DATA SECTION START

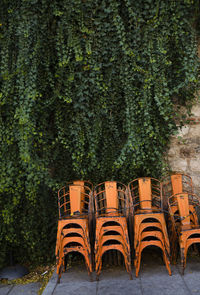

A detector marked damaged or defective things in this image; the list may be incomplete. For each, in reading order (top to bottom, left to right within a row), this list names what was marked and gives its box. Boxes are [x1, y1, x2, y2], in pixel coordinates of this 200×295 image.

rusty metal [55, 180, 93, 282]
rusty metal [94, 182, 133, 280]
rusty metal [129, 178, 171, 278]
rusty metal [168, 192, 200, 276]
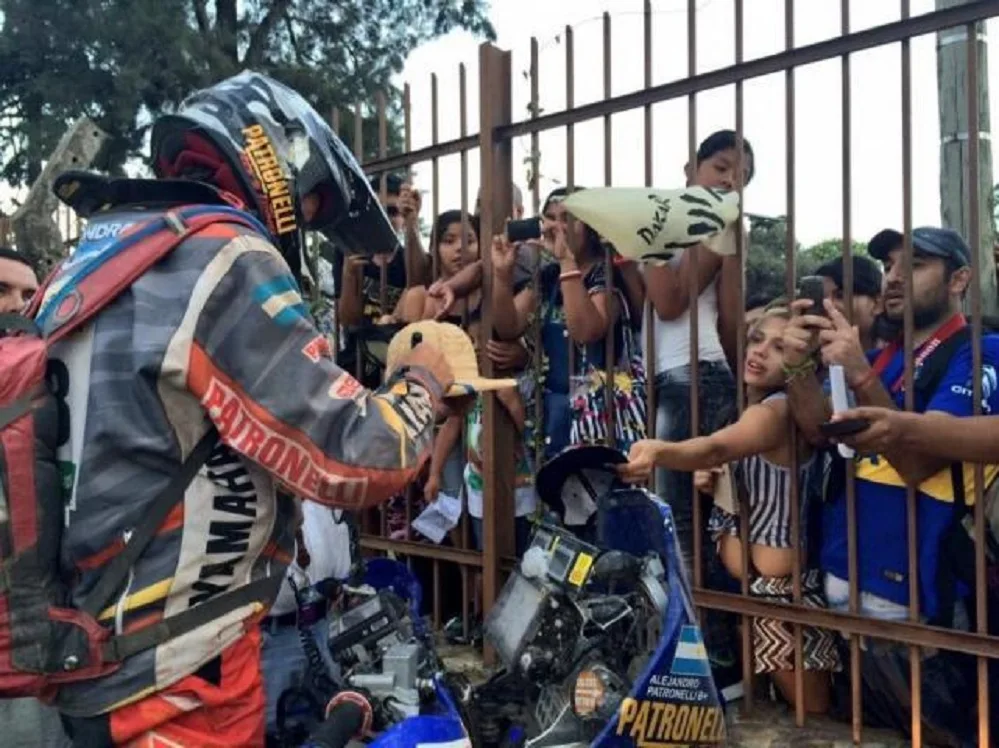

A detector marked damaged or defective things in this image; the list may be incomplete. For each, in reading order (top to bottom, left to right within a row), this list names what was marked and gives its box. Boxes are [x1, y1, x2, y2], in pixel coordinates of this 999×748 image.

rusty fence post [478, 41, 516, 664]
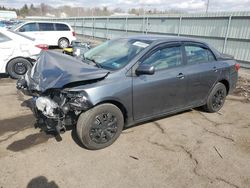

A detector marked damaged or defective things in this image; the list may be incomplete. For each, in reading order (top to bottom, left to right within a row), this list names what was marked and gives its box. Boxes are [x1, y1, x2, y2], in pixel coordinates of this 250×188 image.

crumpled hood [27, 50, 109, 92]
damaged toyota corolla [16, 35, 239, 150]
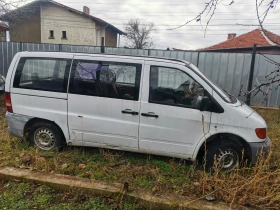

DATA SECTION END

WHAT IS BEING ASKED:
Leave every picture out and retype exactly the lines of the records above from the one holding "this 250×188 image." through the last, both ends included and nothing besides.

TASK RESPONSE:
A detector marked damaged or defective things in this image; the list may be incomplete. For each, in reading order (top to bottom, left to right within a row), this list names what was marked and gives its box. Boxes are [x1, y1, x2, y2], in pixel coordinates of this 250×188 image.

crumpled hood [27, 50, 109, 92]
damaged toyota corolla [16, 35, 239, 150]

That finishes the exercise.